The charge, repeated in all these media, that the Iraqi research leader, Riyadh 
Lafta, M.D., operated “without U.S. supervision” and was therefore suspect is 
particularly interesting. Munro, in a note to National Review Online, asserted 
that Lafta “said Allah guided the prior 2004 Lancet/Johns Hopkins 
death-survey,” which he also had noted in the National Journal piece. When he 
interviewed me he pestered me about two anonymous donors, demanding to know if 
either were Arab or Muslim. A pattern here is visible, one which reeks of 
religious prejudice. 

Munro had also ignored the corroborating evidence I sent him, the 4.5 million 
displaced (suggesting hundreds of thousands of fatalities, drawing on the ratio 
of all other wars); estimates of new widows (500,000 from the war); and the 
other surveys done in Iraq suggesting enormous numbers of casualties (ABC/USA 
Today poll of March 2007, showing roughly 53% physically harmed by war). When I 
mentioned these things to him on the telephone, he literally screamed that such 
data didn’t matter, that the Lancet probe was “a hoax.” Lancet article authors 
also cite several cases where they were misquoted. The National Journal’s 
editors have been informed of their reporters’ misconduct and errors, and have 
not responded.

So the smear is complete—a “political hit” by the “anti-Bush billionaire,” 
complicity by anti-war academics, fraud by Muslims devoted to Allah—and 
repeated over and over in the right-wing media. Little has of this has appeared 
in the legitimate news media, apart from right-wing columnists like Jeff Jacoby 
in the Boston Globe. 

One might expect that such nonsense is obvious to neutral observers, but it 
constitutes a kind of harassment that scholars must fend off, diverting from 
more important work. Gilbert Burnham, the lead author on the Lancet article, 
runs health clinics in Afghanistan and East Africa, and is spending inordinate 
amounts of time responding to the attacks. Les Roberts, a coauthor, and I have 
both had colleagues at our universities called by Munro to ask if they would 
punish us for fraud. The OSI people have also been writing letters to set the 
record straight. Most important, Riyadh Lafta, who has been threatened before, 
may be in more danger due to these attacks.

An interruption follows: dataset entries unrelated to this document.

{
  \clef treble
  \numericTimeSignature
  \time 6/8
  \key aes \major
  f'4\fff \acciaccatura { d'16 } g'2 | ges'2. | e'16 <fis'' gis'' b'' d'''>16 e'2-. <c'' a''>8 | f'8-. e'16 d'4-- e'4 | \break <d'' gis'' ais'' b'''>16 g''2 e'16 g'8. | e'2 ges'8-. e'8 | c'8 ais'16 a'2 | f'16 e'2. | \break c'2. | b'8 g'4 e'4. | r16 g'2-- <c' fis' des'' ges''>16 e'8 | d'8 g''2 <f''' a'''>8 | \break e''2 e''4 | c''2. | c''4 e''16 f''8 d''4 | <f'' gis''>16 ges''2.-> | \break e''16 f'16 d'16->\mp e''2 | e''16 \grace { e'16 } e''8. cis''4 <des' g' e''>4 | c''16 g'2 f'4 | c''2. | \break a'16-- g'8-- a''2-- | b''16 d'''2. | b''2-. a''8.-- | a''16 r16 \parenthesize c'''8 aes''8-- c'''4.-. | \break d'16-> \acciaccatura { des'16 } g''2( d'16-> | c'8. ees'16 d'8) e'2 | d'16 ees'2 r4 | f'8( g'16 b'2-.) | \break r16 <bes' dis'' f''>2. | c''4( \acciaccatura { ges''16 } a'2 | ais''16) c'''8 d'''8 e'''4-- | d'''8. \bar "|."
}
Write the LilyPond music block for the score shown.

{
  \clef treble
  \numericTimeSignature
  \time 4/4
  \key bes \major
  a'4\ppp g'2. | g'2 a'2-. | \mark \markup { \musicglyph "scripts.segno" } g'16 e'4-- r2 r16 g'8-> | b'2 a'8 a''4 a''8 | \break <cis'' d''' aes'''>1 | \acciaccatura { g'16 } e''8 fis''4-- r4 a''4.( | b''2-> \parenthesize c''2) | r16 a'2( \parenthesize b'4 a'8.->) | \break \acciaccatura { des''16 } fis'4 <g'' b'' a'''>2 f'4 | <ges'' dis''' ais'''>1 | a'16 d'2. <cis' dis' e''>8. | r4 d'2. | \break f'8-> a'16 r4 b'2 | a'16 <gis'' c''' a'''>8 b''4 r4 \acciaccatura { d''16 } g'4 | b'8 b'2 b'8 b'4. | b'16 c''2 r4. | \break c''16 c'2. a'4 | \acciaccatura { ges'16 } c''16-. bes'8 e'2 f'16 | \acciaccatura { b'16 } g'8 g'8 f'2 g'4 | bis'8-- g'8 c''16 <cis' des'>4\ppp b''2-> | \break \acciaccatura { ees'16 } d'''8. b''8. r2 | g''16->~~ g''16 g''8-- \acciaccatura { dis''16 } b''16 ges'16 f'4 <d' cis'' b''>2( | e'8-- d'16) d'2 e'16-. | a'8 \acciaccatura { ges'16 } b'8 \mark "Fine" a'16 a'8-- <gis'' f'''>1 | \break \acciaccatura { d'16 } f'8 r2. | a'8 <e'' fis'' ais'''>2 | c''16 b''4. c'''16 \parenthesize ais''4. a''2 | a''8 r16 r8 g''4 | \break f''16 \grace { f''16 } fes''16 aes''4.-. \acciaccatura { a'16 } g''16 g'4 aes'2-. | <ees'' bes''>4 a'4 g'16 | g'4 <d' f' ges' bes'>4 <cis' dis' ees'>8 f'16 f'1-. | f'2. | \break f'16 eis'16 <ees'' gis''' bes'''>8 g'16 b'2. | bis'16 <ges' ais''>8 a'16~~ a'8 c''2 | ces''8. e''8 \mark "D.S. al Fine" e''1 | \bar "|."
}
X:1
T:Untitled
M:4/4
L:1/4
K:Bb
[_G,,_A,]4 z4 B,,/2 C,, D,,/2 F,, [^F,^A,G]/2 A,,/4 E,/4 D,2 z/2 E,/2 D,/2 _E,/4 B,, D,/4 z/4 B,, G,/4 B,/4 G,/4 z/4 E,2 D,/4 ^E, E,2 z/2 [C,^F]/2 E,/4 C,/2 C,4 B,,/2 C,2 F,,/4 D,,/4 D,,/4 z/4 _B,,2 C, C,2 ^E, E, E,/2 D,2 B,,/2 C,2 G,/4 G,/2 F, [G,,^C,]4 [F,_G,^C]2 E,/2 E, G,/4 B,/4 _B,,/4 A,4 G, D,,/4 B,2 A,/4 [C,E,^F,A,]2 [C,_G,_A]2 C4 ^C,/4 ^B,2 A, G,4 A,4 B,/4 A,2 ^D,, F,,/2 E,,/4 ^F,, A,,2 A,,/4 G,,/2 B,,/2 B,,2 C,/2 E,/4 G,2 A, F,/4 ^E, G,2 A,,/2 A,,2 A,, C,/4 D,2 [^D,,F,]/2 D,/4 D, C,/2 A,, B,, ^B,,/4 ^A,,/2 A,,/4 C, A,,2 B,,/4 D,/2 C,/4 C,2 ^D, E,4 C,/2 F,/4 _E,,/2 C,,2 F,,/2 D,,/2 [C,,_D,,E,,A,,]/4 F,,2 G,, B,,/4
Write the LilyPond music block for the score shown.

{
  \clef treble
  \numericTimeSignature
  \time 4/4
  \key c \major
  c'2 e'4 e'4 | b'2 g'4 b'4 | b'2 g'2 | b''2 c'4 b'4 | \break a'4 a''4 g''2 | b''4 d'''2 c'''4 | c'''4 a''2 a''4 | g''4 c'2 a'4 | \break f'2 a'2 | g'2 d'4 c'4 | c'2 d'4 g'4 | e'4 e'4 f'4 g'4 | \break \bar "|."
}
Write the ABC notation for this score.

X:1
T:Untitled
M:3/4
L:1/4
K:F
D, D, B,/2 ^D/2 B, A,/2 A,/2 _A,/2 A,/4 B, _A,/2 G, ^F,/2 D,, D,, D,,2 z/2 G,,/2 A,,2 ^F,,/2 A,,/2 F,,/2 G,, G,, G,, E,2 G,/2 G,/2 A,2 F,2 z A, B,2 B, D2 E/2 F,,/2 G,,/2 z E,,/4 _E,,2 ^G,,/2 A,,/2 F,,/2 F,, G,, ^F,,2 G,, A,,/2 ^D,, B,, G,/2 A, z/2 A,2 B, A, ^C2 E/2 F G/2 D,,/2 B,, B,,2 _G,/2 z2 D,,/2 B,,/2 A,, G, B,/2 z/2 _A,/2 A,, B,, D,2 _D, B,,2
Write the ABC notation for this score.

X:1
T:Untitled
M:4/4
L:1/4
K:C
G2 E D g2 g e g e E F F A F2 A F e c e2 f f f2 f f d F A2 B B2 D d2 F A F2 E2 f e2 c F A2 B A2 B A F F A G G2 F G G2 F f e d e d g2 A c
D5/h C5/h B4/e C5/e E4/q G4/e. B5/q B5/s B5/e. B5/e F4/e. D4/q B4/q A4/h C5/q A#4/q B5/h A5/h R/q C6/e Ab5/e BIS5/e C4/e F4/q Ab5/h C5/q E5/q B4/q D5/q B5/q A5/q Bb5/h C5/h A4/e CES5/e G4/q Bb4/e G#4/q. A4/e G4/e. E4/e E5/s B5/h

As to the issue of the human cost of the war, even the legitimate press that 
has avoided this kerfuffle might be intimidated from taking on the issue in 
depth. The fact that the National Journal hatchet job and the MoH survey 
appeared within days of each other sent a message to editors around the United 
States—one survey is “discredited” and one is legitimate. The treatment of the 
MoH survey that week often noted its death-by-violence number was one-fourth of 
the Lancet figure -- forgetting, again, that total war-related mortality were 
much closer in both, and congruent with other surveys. The New York Times did 
run an editorial in early February about the dead in Iraq — the 124 journalists 
killed in the war. 

The topic of the war’s exceptional human costs, now inflamed by these 
calumnies, appears to be too hot to handle. Even with all this fuss in January, 
no explorations of the Iraqi mortality from the war have appeared in the major 
dailies. No editorials, no examination of the methods (or the danger and 
difficulty of collecting data), no sense that the scale of killing might affect 
the American position, or might shed some light on U.S. war strategy, or might 
point to honorable exits and reconstruction obligations. Remarkably, no 
curiosity at all about the dead of Iraq, and what they can tell us. 

That, in the end, may be the biggest injustice of all.